Discriminate only between fit guardians and unfit guardians
 

In order for the Regulatory Board to fulfill its responsibilities to Virginian children and citizens, it must discriminate only between fit guardians and unfit guardians. Anything else risks the development of the children it is tasked to protect, and offends the human dignity of citizens denied the chance to adopt or foster for reasons unrelated to their abilities to raise a child in a healthy, loving environment.

Furthermore, if a foster or adoptive agency, receiving certification and grant money from the state or federal government, argues that some special classification categorically causes a person to be unfit to raise children- be it religious affiliation, gender identity, or sexual orientation- that agency is insufficiently committed to the welfare of children, and should lose its funding and governmental endorsement.

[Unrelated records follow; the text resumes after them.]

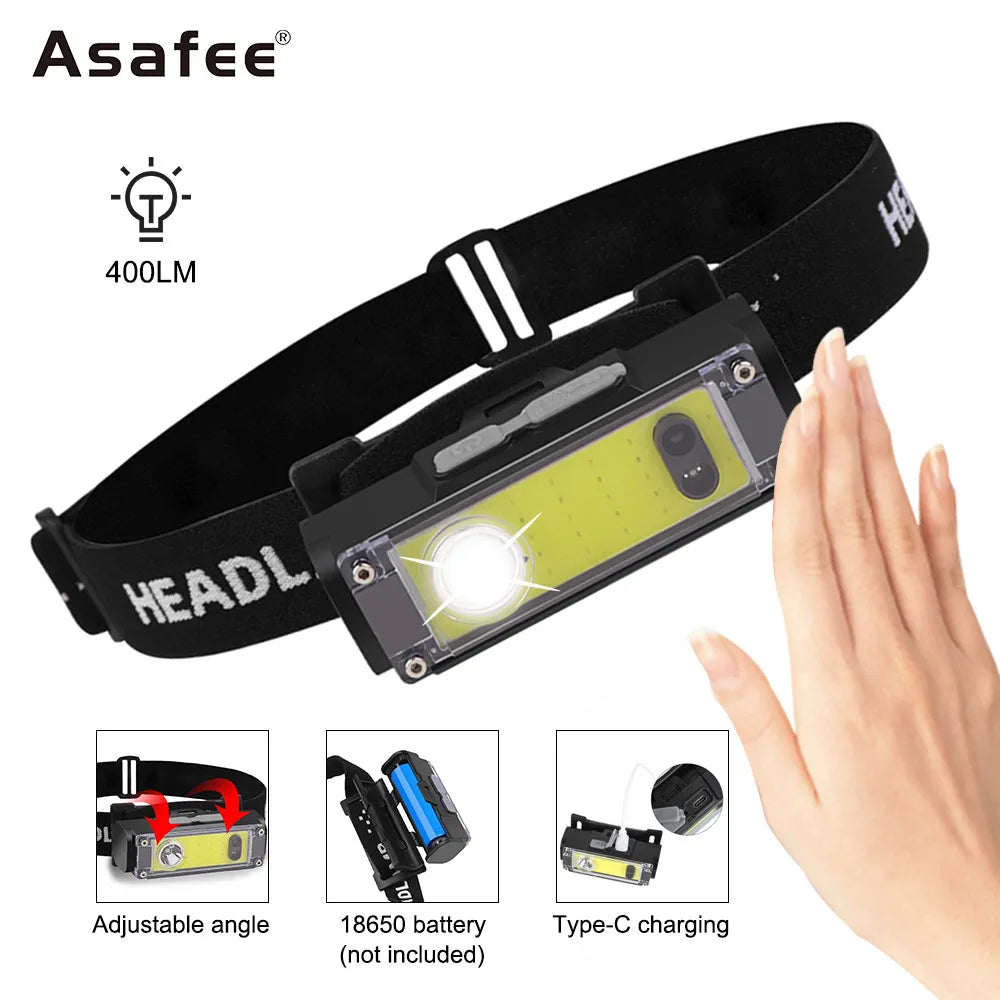 Asafee XPE+COB LED 400LM Headlight Type-C Chargering Waterproof IPX4 Headlamp Camping Night Fishing Speciai Work Climb Cycling-WAYBIKER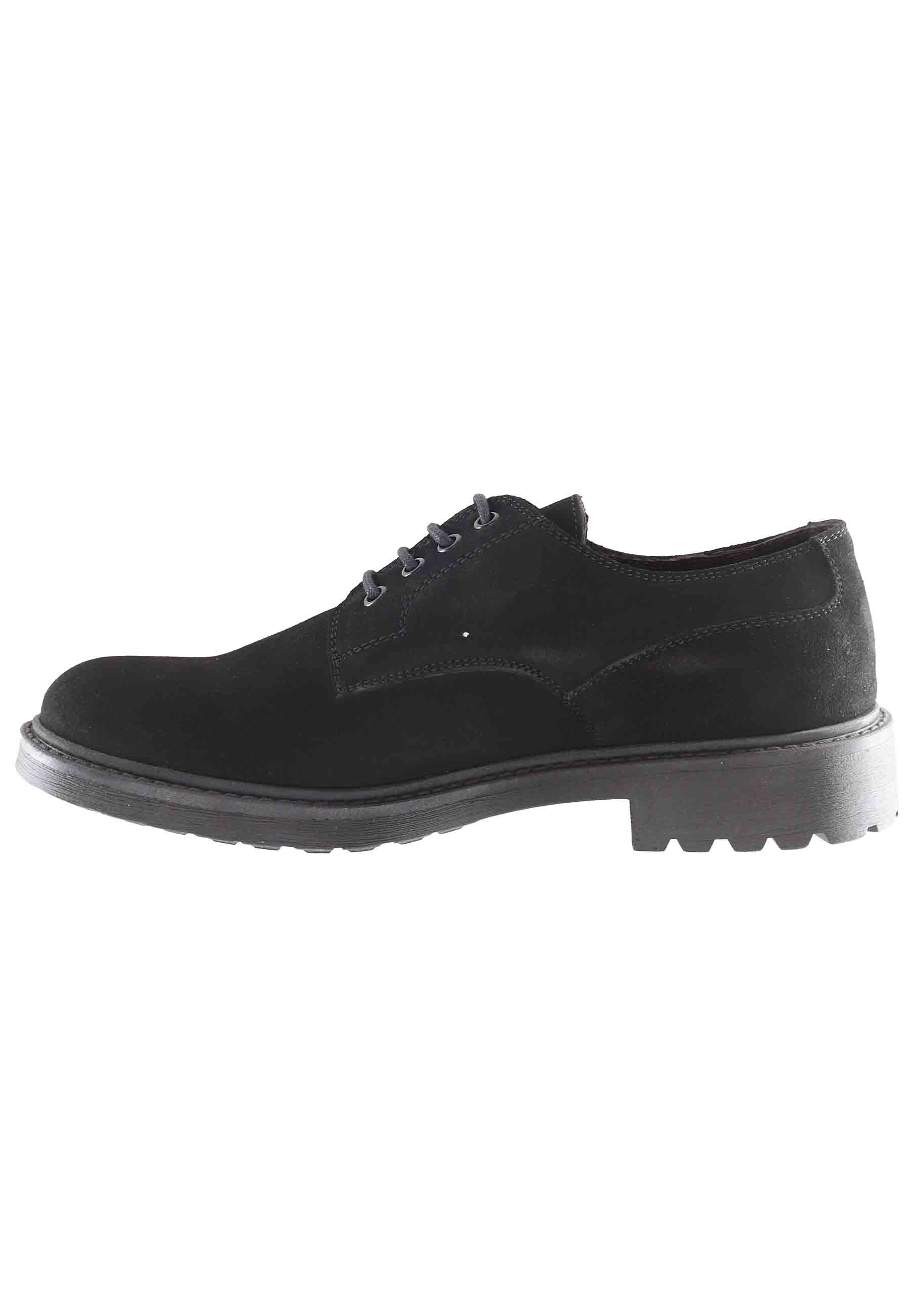 Chaussures à lacets pour hommes en daim graissé noir avec semelle en caoutchouc
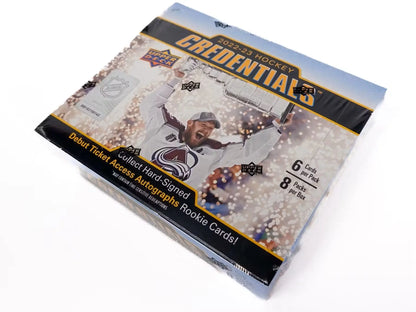 Sealed 2022/23 Upper Deck Credentials hockey hobby box with debut ticket access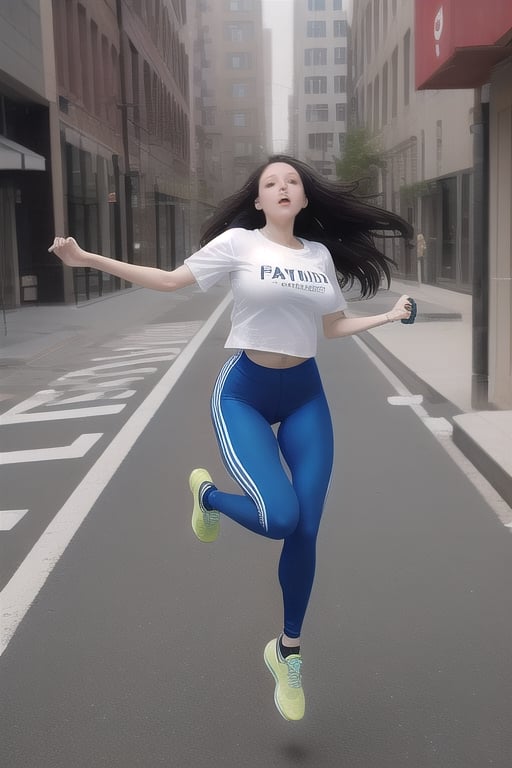 a hot weightless white girl with large breasts and dark hair flying and floating while wearing a pair of leggings, running shoes, and a T-shirt as she levitates in the city and floats high above the sidewalk as she flirtatiously floats by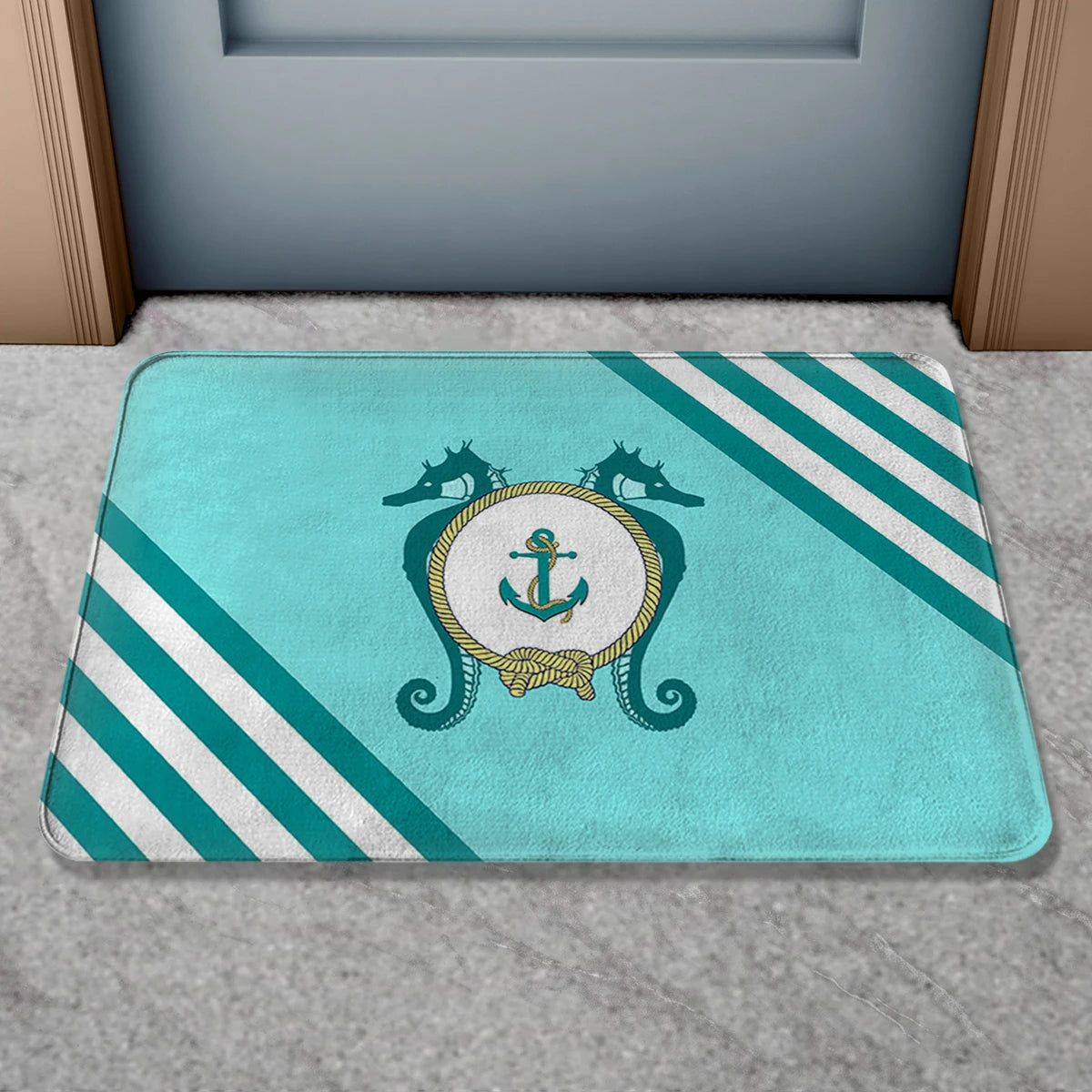 Custom Boat Name Non Slip Nautical Theme Doormat | Personalized Bath Rug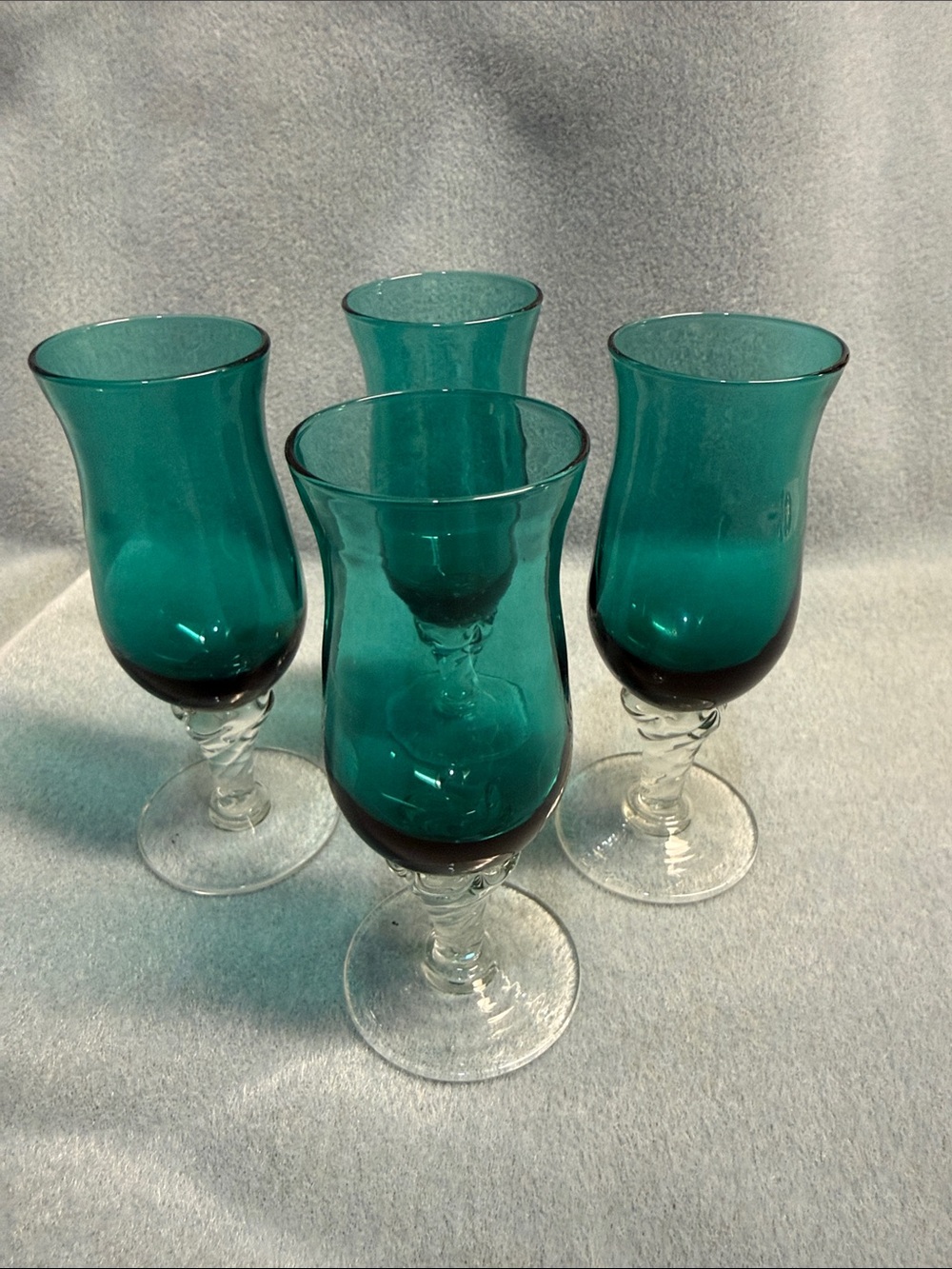 Teal Glass Stemware Set - 4-Piece Elegant Cordial Glasses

Case in point: a great deal of this controversy surrounds non-heterosexuals seeking to adopt children. However, sociological data has demonstrated repeatedly that non-heterosexual parents raise children who are just as socially well adjusted, academically quick, and emotionally healthy as children raised by heterosexuals. If an agency ignores or denies the myriad studies that conclude this, its organizers are willfully denying reality in order to pursue an ideological campaign against people who wish only to have a family and provide for a child who would otherwise be a parentless ward of the state.

It is unconscienable for arbitrary discrimination in such a vital institution to persist, let alone with the legal endorsement of a regulatory body. I urge you, with all my heart and reason, to discriminate in the only way that meaningfully impacts the foster and adoptive children you are tasked to protect; by the ability of the applicant to provide a safe, financially secure, loving, supportive home. All other distinctions are irrelevant.